*PROBLEM STATEMENT*:
Please restate, word for word, the lines below that begin at the one with "Bien Outdoor Garden" and end at the one with "Adidas White Logo". Leave out all other lines.

*RECORDS SUPPLIED*:
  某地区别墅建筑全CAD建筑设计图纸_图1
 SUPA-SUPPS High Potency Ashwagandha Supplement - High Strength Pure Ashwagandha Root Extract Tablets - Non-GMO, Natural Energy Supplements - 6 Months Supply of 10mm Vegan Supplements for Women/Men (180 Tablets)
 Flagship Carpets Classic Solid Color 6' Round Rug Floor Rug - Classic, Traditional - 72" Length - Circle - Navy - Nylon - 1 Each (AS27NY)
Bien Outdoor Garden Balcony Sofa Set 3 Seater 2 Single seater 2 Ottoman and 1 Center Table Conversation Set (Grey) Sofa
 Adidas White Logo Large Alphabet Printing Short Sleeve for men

---

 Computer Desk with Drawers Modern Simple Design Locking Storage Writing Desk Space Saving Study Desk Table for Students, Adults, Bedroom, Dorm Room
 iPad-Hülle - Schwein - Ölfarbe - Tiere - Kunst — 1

*EXERCISE RESULT*:
Bien Outdoor Garden Balcony Sofa Set 3 Seater 2 Single seater 2 Ottoman and 1 Center Table Conversation Set (Grey) Sofa
 Adidas White Logo Large Alphabet Printing Short Sleeve for men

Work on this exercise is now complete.